Emily Robson , Sutton Girls
Wolf Hollow - Review
This book is set in the autumn of 1943 in Pennsylvania, where this season darkens the nights so the headstrong Annabelle McBride is free to scamper into the moonlight, unwatched. The little village of 'Wolf Hollow' becomes more embroiled in events where the inhabitants are unsure what is truth or lie. Not only are there dramatic events such as a young girl losing her eye and a bully disappearing, but in Europe the Second World War is raging.
The purpose of 'Wolf Hollow' is to tell people that you can't judge a book by its cover. Toby an outcast, recovering from the trauma of World War One, spends his time wandering the hills which is considered by many as odd and frightening. Guns are slung across his back and his left hand bears a livid scar on it. The McBride family take pity on him when people blame him for the notorious events which occur but others are suspicious and pursue him until eventually he is shot, though unjustified, by a policeman.
Written through the character of Annabelle, the reader soon admires the determination and independence of her mind. She is steadfast in her defence of Toby and attempts to defend him against any accusations put against him.

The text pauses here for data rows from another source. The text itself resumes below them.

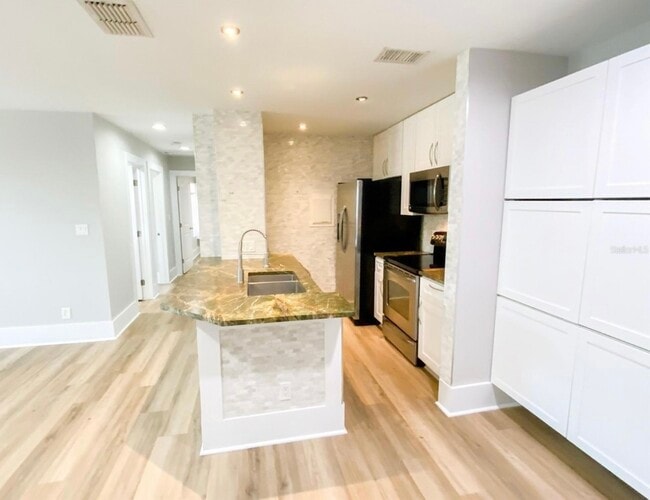 Photo - 1400 Gandy Blvd N Unidad 1013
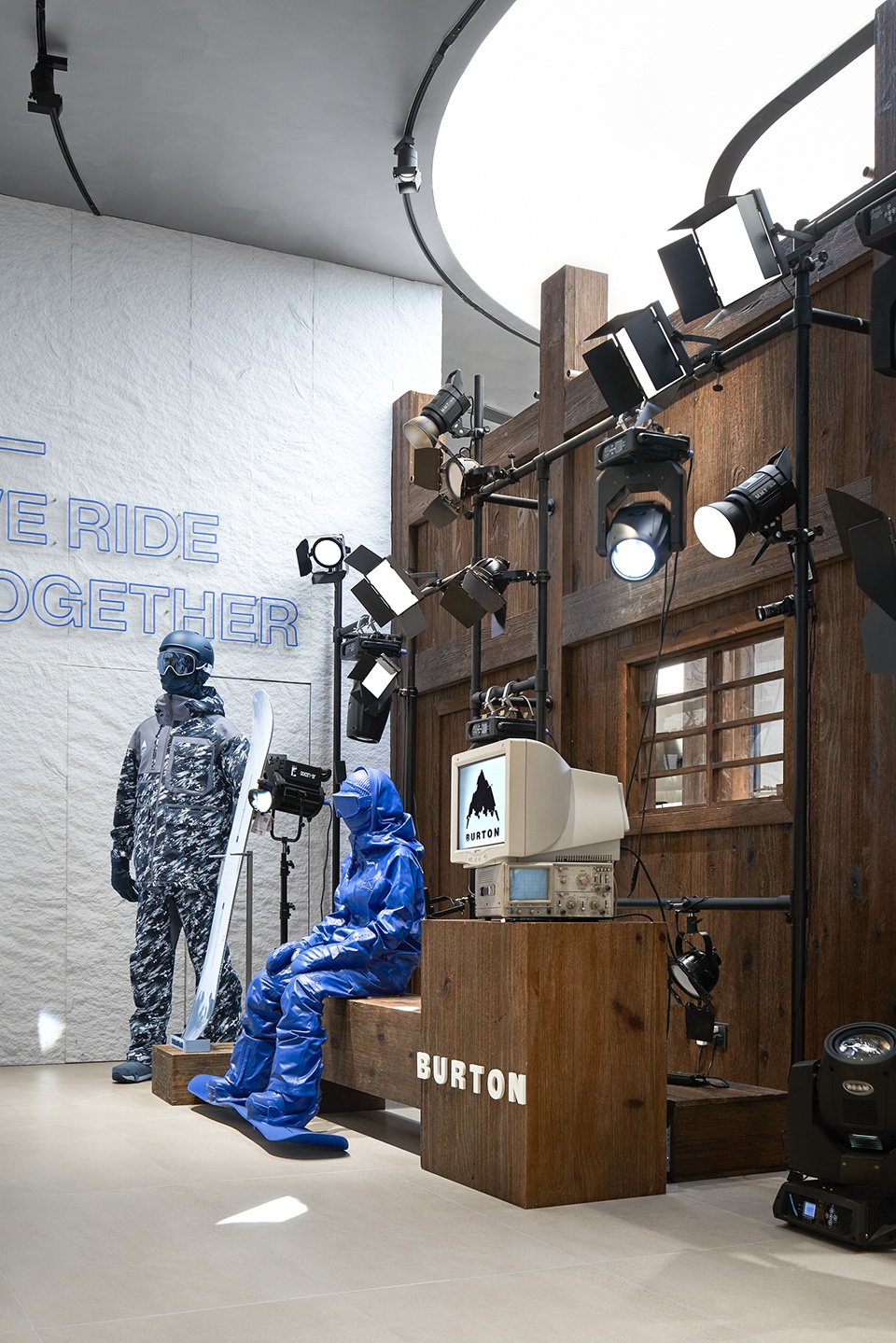 burton chengdu flagship store by saboo studio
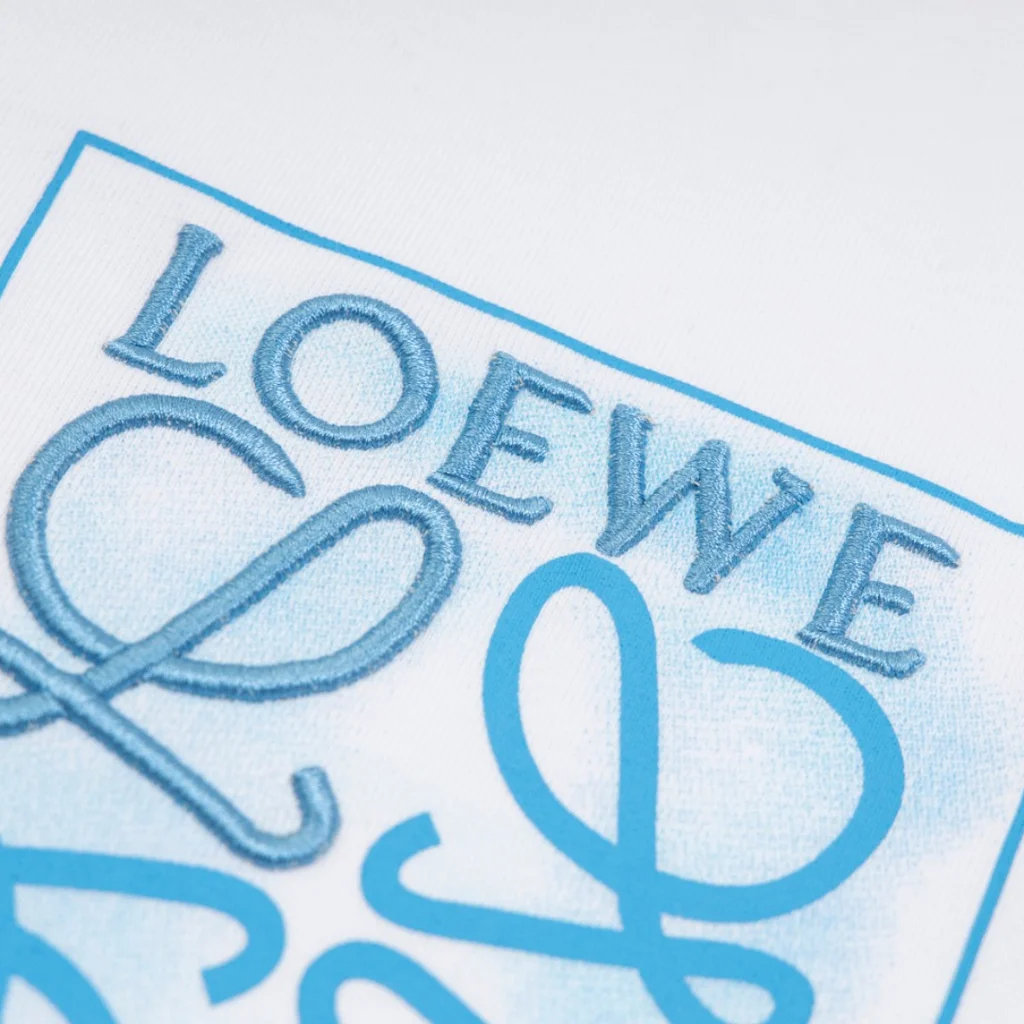 LOEWE『XS-L』話題沸騰中 安定感抜群 新品 キレカジ 刺繍 無地 2色 ゆったり Ｔシャツ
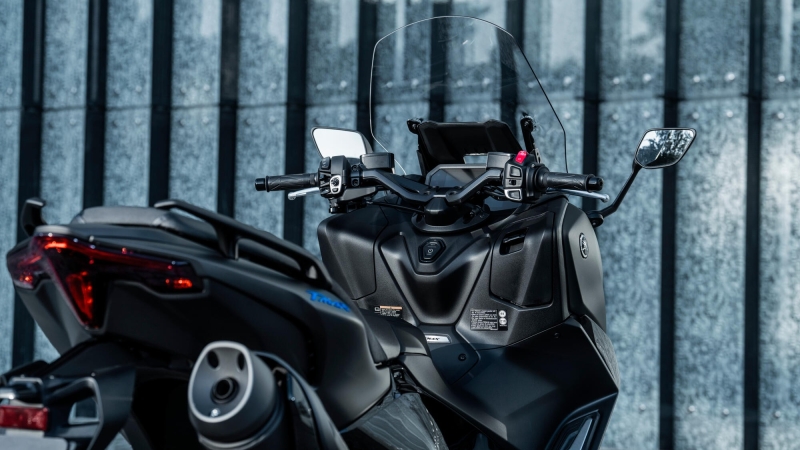 YAMAHA TMAX 560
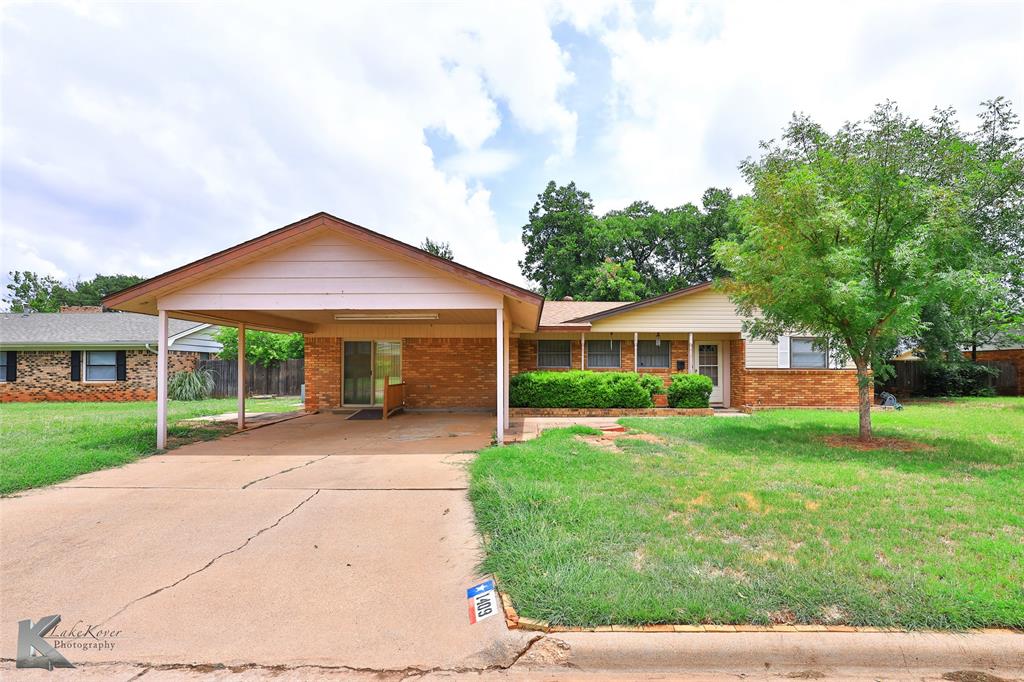 1409 Westwood Drive Property Photo 1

This book is successful with its purposes as the message is put across but in a light manner with a conversational tone so that this book is suitable for a younger age group. However, there are slightly distressing parts when the Annabelle is beaten with a stick and when the bully, Betty, wrings the neck of a quail. These sections were surprising but necessary for the reader to understand the cruelty of Annabelle's nemesis.

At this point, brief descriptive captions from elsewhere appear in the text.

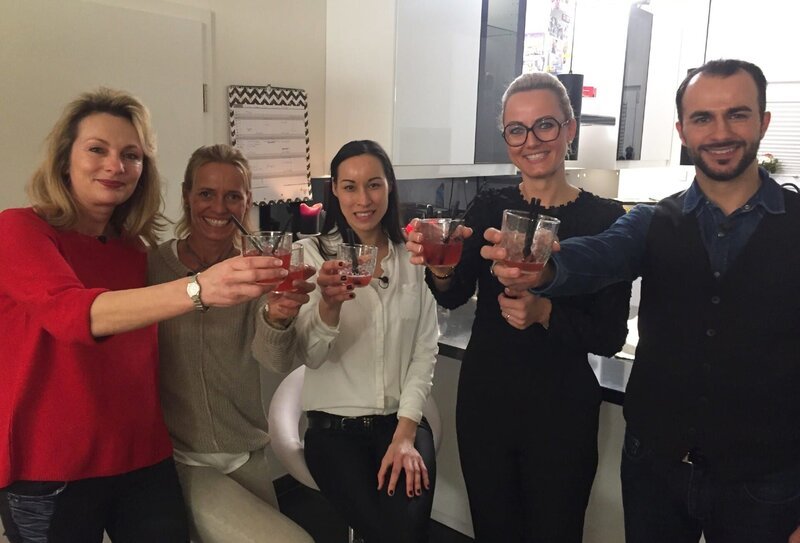 V.l.: Marianne, Claudia, Kerstin, Gastgeberin Maika und Mirco – Bild: MG RTL D /​ ITV Studios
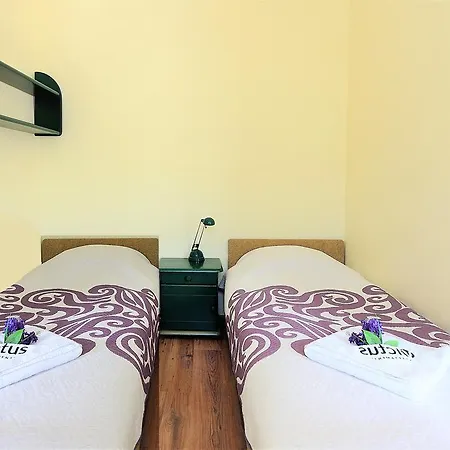 Victus Apartamenty, Okrzei Sopot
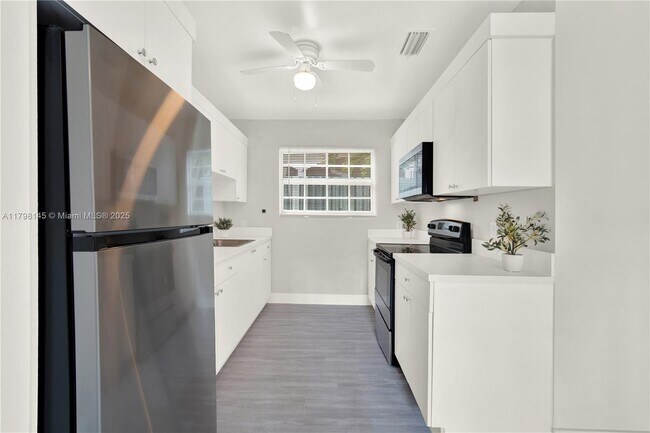 Building Photo - 10410 NW 28th Ave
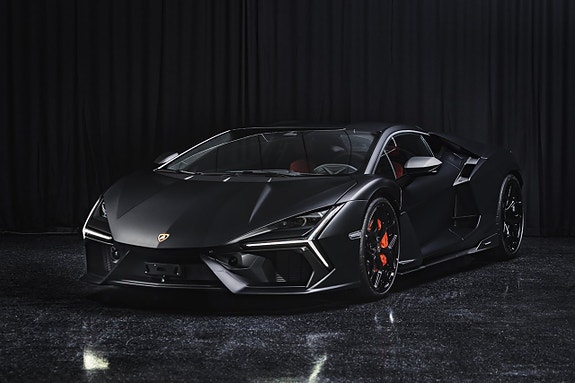Lamborghini Revuelto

Annabelle's bully Betty, was one of my favourite characters as she was one of the most well rounded and believable. She was human and had flaws: constantly spinning a relentless string of lies. Her death was surprising as she failed to survive an accidental fall down a well. Even in her dying days, Betty still attempted to cause trouble by blaming Toby for her predicament.
I found this story realistic, the characters believable and are put across to the reader as heartfelt and charming. The shocking death of the gentle outsider, Toby, is counterbalanced by the discovery that he was awarded a medal of honour from the First World War. For me, the message is that it is unacceptable to judge someone by appearance, background, and habits. Overall, it was a thought proving tale of a quiet but friendly recluse.